Join Mozilla’s Matrix network using information from the wiki

You ought to be present and pay attention to conversations happening in:

  • #sheriffs:mozilla.org (where CIDuty team helps with various hiccups that infra might encounter))

  • #releaseduty:mozilla.org (main RelEng dedicated communication channel for releaseduty)

  • #firefox-ci:mozilla.org

  • #tbdrivers:mozilla.org (This is the Thunderbird release drivers Matrix channel. @rjl:mozilla.org (Rob) should be able to invite you)

Relduty Notifications#

For the duration of ReleaseDuty, you must also add relduty as a highlighted word in both Slack and Matrix.

For Slack, go to Preferences -> Notifications, then add relduty under the My keywords section.

For Matrix, go to Settings -> Notifications, then under Mentions & Keywords type relduty in the text box and press the Add button.

You may remove both keywords once your ReleaseDuty rotation is finished.

Email#

Please join the following groups to stay on top of the communication regarding the releases:

Meetings and Calendars#

See the Release owners list to determine who is ReleaseDuty for each release.
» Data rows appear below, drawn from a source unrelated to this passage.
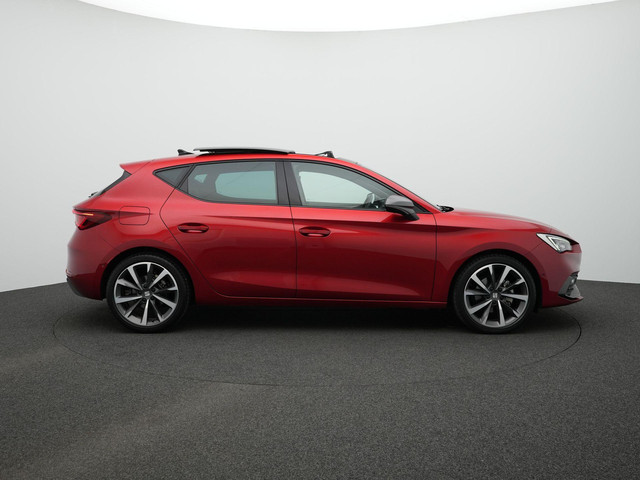 seat-leon-1.5-etsi-150-pk-dsg-fr-launch-edition---panoramadak---trekhaak---navigatie---parkeersensoren-voor-achter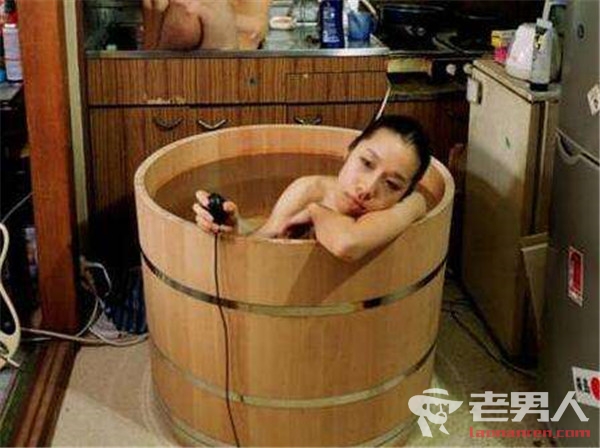 >自带浴盆到处泡澡 日本女子如此行为你能接受吗？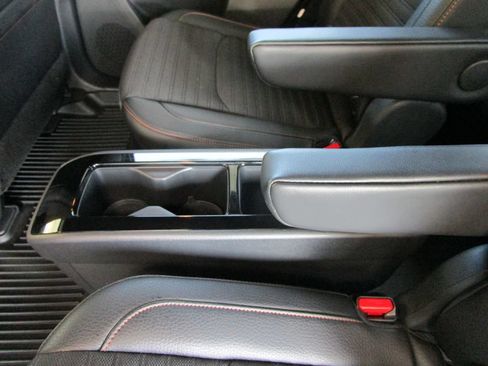 Used 2024 Nissan Pathfinder Rock Creek AWD/4WD image 21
Regular meetings are a vital part of making sure all the teams are kept informed and consulted during the release process, although ReleaseDuty does not routinely attend these meetings. To view those meetings in your calendar you need to subscribe to the following calendar:

If you join a calendar and it’s blank, you may need to delete it and get a calendar invitation from an existing subscriber

Permissions#

Several tools for managing releases are protected or private. In order to do your job, you need to be granted access to a bare minimum:

How to get VPN access#

First you need to be connected to the Mozilla VPN. See the mana page for how to get set up and started with connecting to the VPN.

How to get Ship-it access#

You need to be added to the vpn_cloudops_shipit LDAP group. File an Infrastructure & Operations bug under the Infrastructure: LDAP component requesting to be granted shipit access.

Replace the email in the Summary field and have someone in Release Engineering vouch for you in the bug.

How to get Balrog access#

Similar to Shipit, you need to be added to the balrog and vpn_balrog LDAP groups and have someone add you as a user and attach you to the releng role through the Balrog admin UI.

For VPN group access, file a ticket with IT similar to this one. Have someone in Release Engineering vouch for you in the bug.

Then, ask a Release Engineer to be added to the Balrog admin user list and attached to the releng role.

Tooling for debugging and rerunning tasks#

Note many of the task-related operations can be conducted through Treeherder such as rerunning/retriggering a task. There is also a command line tool that can be used instead of the UI.

taskcluster#

Release tasks are usually run through Taskcluster, which has a useful Command-line interface

To get started with the CLI:

  • Download the appropriate binary for your OS (Mac or Linux)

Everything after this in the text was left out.